Background technology:
At present, methyl chloride has 3 kinds of industrial processes, i.e. by-product absorption method, methane chlorination method, methyl alcohol hydrochlorinate method.
The by-product absorption method be the methyl chloride that will produce in the pesticide producing process, hydrogenchloride mixed tail gas through lyophilization, again through vitriol oil drying, in the solid caustic soda and deacidification, compressed then, condensation liquefaction gets the product methyl chloride.But the by-product absorption method is because of being limited by agricultural chemicals Trichlorphon production and selling, and the methyl chloride turnout is restricted, and product purity does not satisfy the requirement of synthesizing methyl-chloro-silane.

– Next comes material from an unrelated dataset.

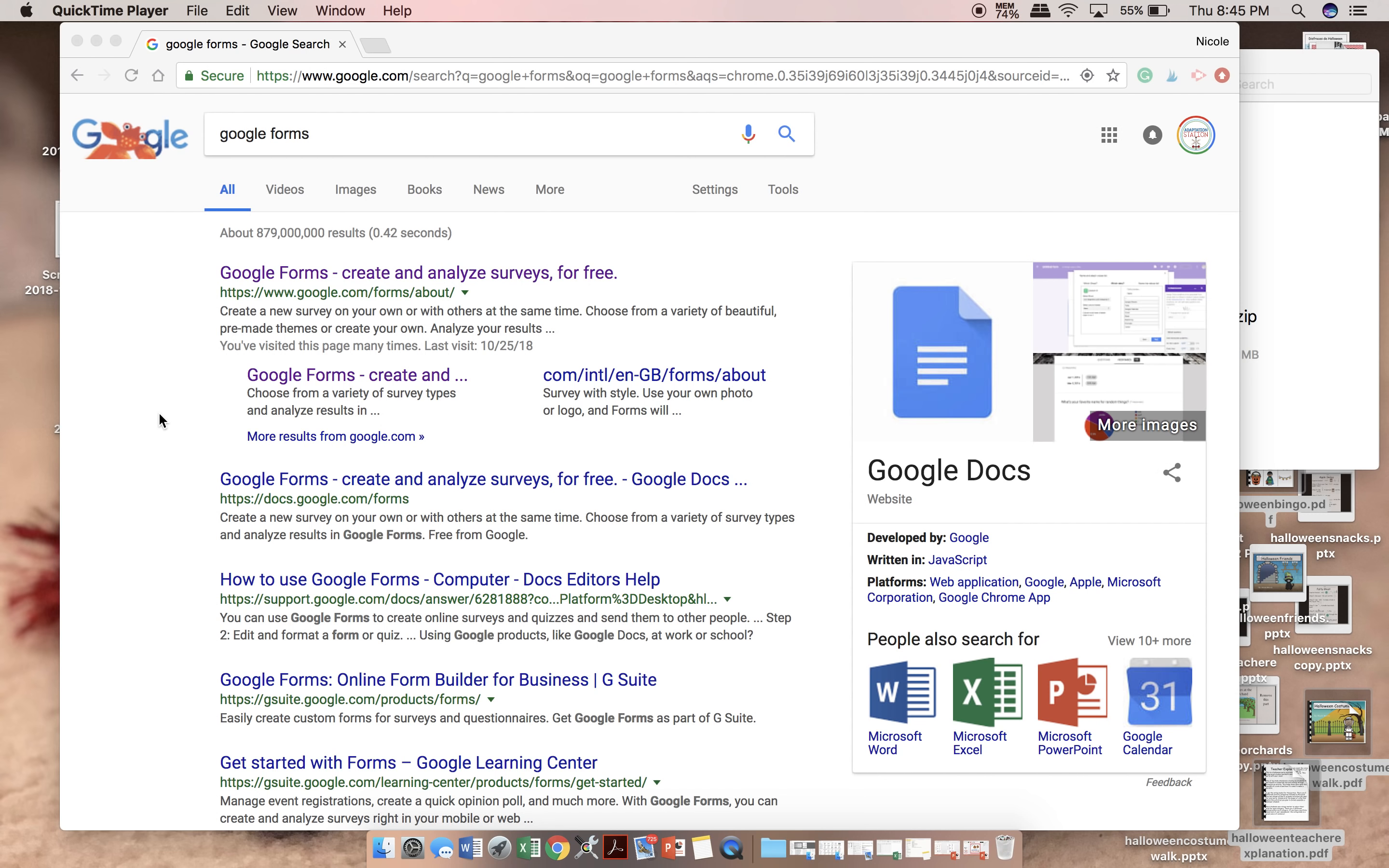Hi, this is Nicole from Adaptation Station, and I'm going to show you how easy it is to create your own data sheet through Google Forms.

The methane chlorination method is that methane and chlorine are carried out chlorination under 400 ℃ of high temperature, and chlorizate absorbs through water and removes de-chlorine hydride, and the unreacted methane aftercut of compressed again, condensation separation goes out methyl chloride and polychloride.The methane chlorination method is suitable for producing polychloride, and per unit area yield monochloro methane person is generally without this method.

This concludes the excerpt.